Europeans in the New World in 1492 changed the Americas forever. Over the course of the next 350 years, Spain ruled a vast empire based on the labor and exploitation of the Indian population. Conquistadors descended on America with hopes of bringing Catholicism to new lands while extracting great riches. Religion and self-interest combined to create a potent mixture that drew hundreds of thousands of Spaniards across the ocean with hopes of finding riches and winning souls for God. Along with the Spaniards came diseases to which the New World natives had no immunities.

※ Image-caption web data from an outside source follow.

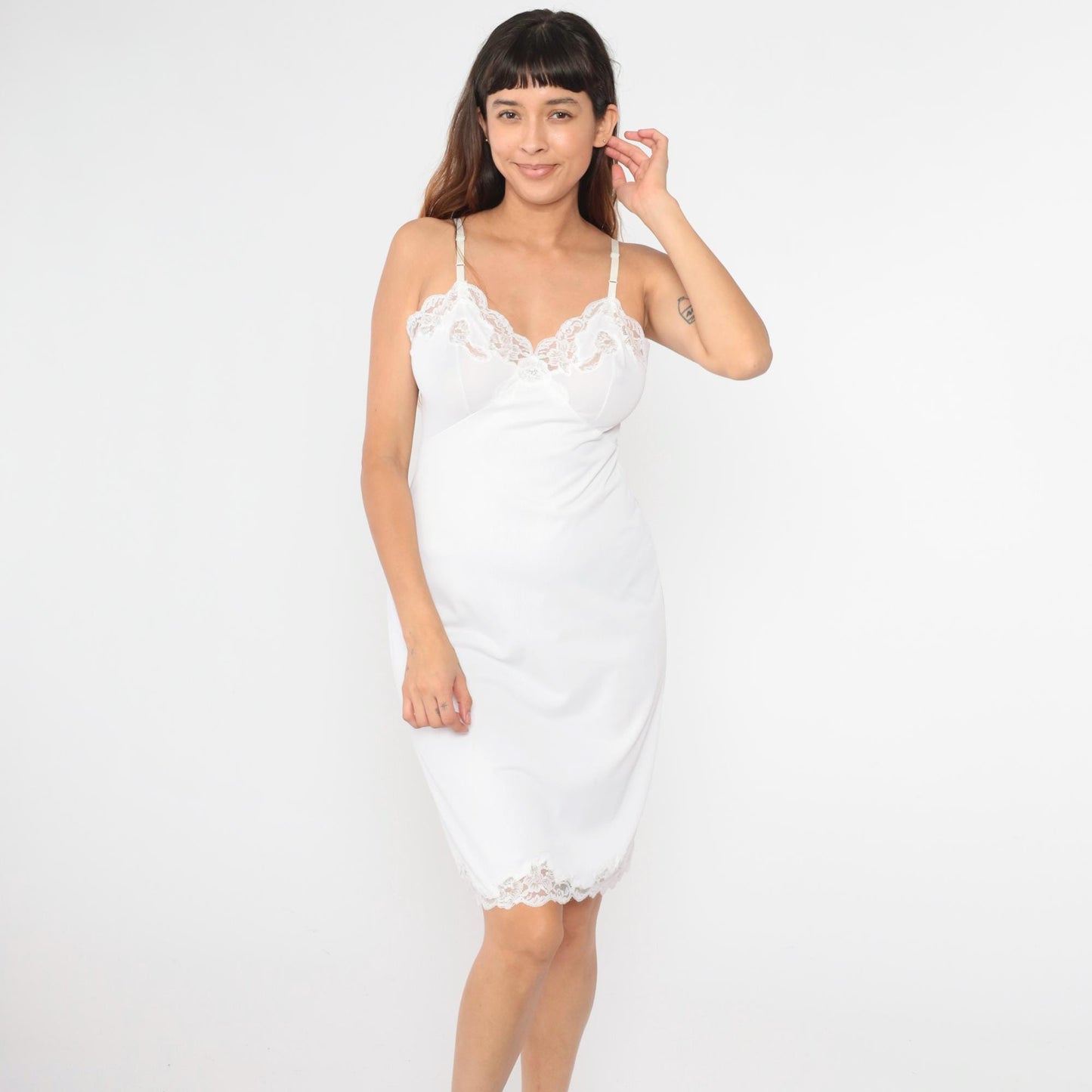 80s White Nylon Slip Dress Lace Trim Empire Waist Spaghetti Strap Knee Length Medium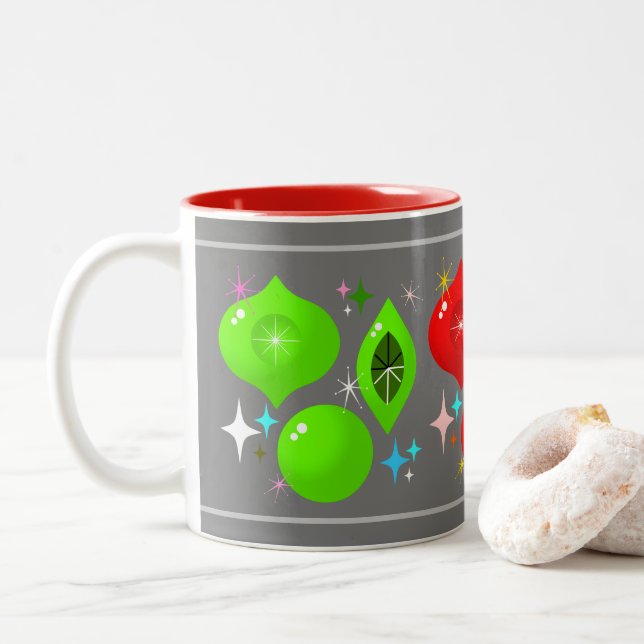 Retro Ornaments Two-Tone Coffee Mug (With Donut)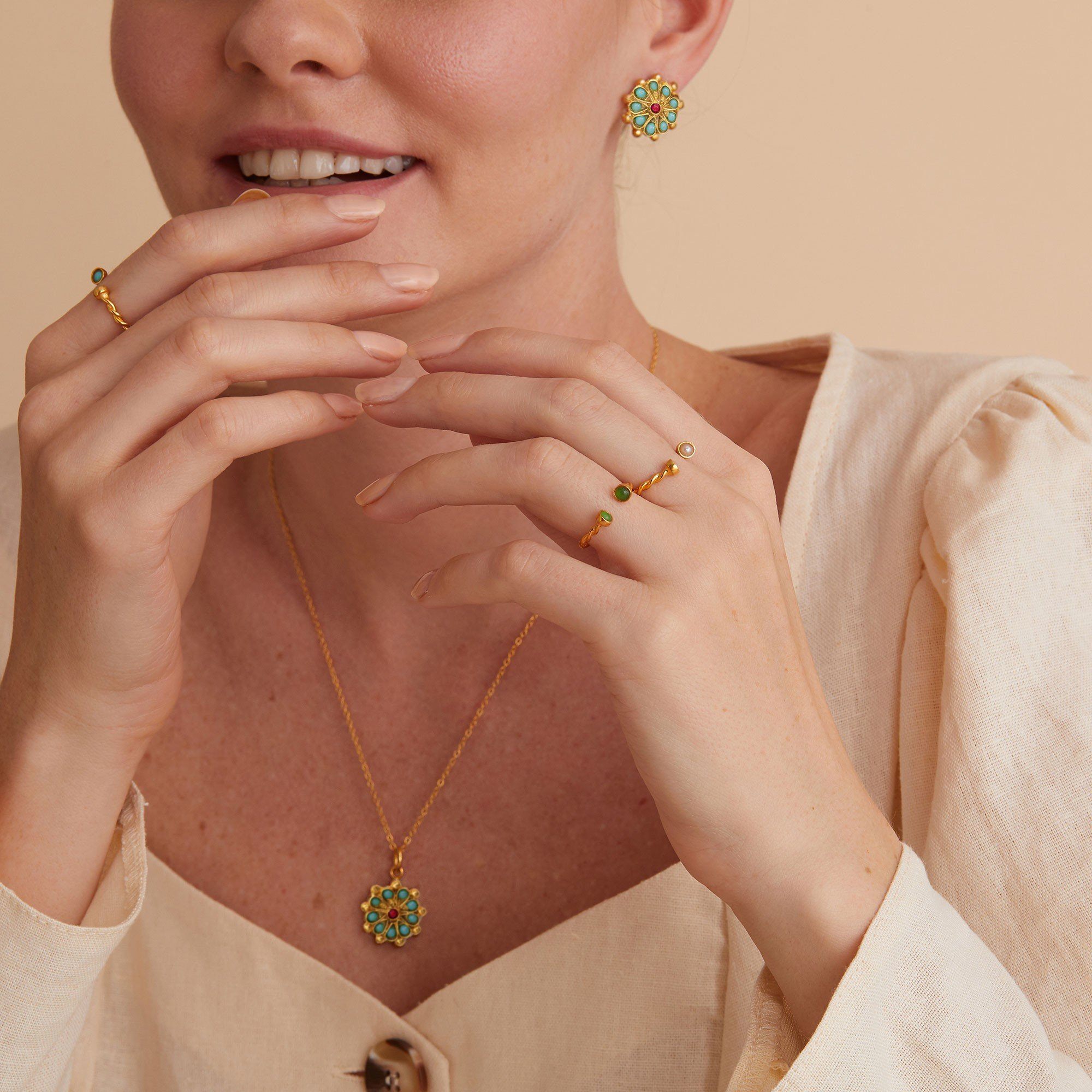 Marigold Turquoise and Red Agate Beaded Pendant Necklace | Sustainable Jewellery by Ottoman Hands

What followed was one of the greatest tragedies in human history as smallpox, influenza, and other communicable diseases ravaged the native populations, killing millions. The Spanish never set out to destroy the people of the New World—after all, their goal was to use Indian labor for their own ends—and almost immediately a debate arose in Spain concerning the rights of Indians. This was the first time any European nation had consciously debated the rights and status of non-Christians. The traffic of Europeans to the Americas was not a one-way street. The so-called Colombian Exchange brought European goods and ideas to the New World—including the horse, which was not native to the Western Hemisphere—and returned new plants and animals to the Old World, including potatoes, corn, tomatoes and other crops. The world was forever changed by the new horizons opened by Spain's intrepid explorers, despite the misdeeds of Spanish rule in America.

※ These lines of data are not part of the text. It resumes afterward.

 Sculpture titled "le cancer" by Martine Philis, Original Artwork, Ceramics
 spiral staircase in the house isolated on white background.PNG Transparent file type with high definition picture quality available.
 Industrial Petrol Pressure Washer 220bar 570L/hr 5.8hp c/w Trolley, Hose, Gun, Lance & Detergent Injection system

Spanish conquistadors, who were primarily poor nobles from the impoverished west and south of Spain, were able to conquer the huge empires of the New World with the help of superior military technology, disease (which weakened Indian resistance), and military tactics including surprise attacks and powerful alliances with local tribes. Once an area had been conquered, it was partitioned into encomiendas, or grants of land. More importantly, the Indian people themselves were parceled out to the conquistadors, who were given title to the land and its people in return for a promise to teach the natives Christianity. This system was heavily abused, and Indians throughout the Americas were reduced to a condition of virtual slavery.